When the salmon eggs develop into alevin, you can try an alevin pattern too. Think of an egg pattern with eyes and a bit of silver flash.


----------



## Black Ghost (Jul 3, 2002)

Any one ever catch a Michigan steelhead on a traditional steelhead type hair wing fly? I remember three I caught all on different patterns I developed. This is since 1980, a long time. I don't fish them much and only when water temps are up 45 degrees plus or so and I know there are active fish. Will post a picture of them when I find them in my cluttered fly wallets.


----------



## mfs686 (Mar 15, 2007)

Sculpins......


----------



## B.Jarvinen (Jul 12, 2014)

I thought this book did a good job of presenting some options. From back in the 90s, maybe a little before so many became content with just a little round piece of foam on a hook. Not my hobby though, I gave my copy away recently.


----------



## michiganmaniac (Dec 9, 2008)

I like big black stone flies in the wintertime between 1 and 1.5 inches. Oftentimes I tie in some orange estaz in the thorax for some eggy color I don't know why it helps but it does.


----------



## Black Ghost (Jul 3, 2002)

Here are the traditional steelhead patterns I have had some success with. No name patterns, gave up giving names decades ago. Don't underestimate the power of cherish!!


----------



## flyrodder46 (Dec 31, 2011)

BG, I have fished similar flies for a lot of years, with success. As you said earlier though, they have generally worked best in the temp. up swing in the spring. That black one is a killer on the swing, I also have had good times with a purple version with a little flash of that.


----------



## Black Ghost (Jul 3, 2002)

michiganmaniac said:


> I like big black stone flies in the wintertime between 1 and 1.5 inches. Oftentimes I tie in some orange estaz in the thorax for some eggy color I don't know why it helps but it does.

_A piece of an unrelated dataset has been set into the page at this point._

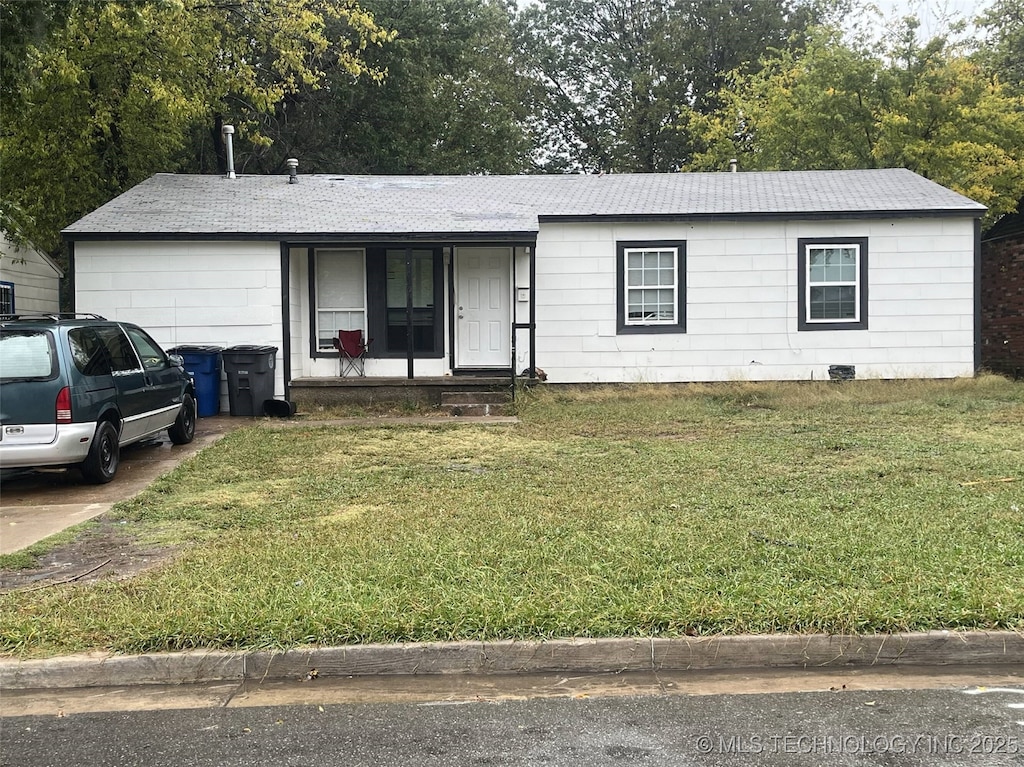 3149 N Hartford Ave, Tulsa, OK 74106 - ranch-style house with a front yard, a garage, a porch, and concrete driveway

Have to tie about six more of them.


----------



## riverbob (Jan 11, 2011)

that sure is a pretty fly, it reminds me of a good day fishing many years ago, it was on the grand, I waded out from the east side, waded out to the center ( just below the missing ice breaker ) I was swing yarn flies, I was catching fish, but not fast enough, (in those days number's were everything to me) n away, I hooked n landed a steelie n it had a stone fly (like your) in it's belly, I took the fly n tied it on, first drift BANG fish on, I continued to catch fish, I noticed that the fly was starting to fall apart,, a fish or two later, I lost the fly(to a fish) I through DAM, o well what a good day, was going to call it a day then a light went off in my head,,i'm thinking them fish r biting black, so I cut about a inch off the pull string/rope on my black hoody, first drift fish on, landed that fish n there was my beat up gifted stone fly in it's mouth.,,, also caught perch on black shoe string in the big lake (they were thinking it was a leech) but that another fishing trip/story


----------



## Nrthoakco (Apr 27, 2009)

Riverbob ...great story!


----------



## eggfly (Jan 8, 2006)

I’ve used both stone flies and black matuka flies with success. I started using the matuka more frequently as they are faster to tie.


----------



## Black Ghost (Jul 3, 2002)

eggfly said:


> I’ve used both stone flies and black matuka flies with success. I started using the matuka more frequently as they are faster to tie.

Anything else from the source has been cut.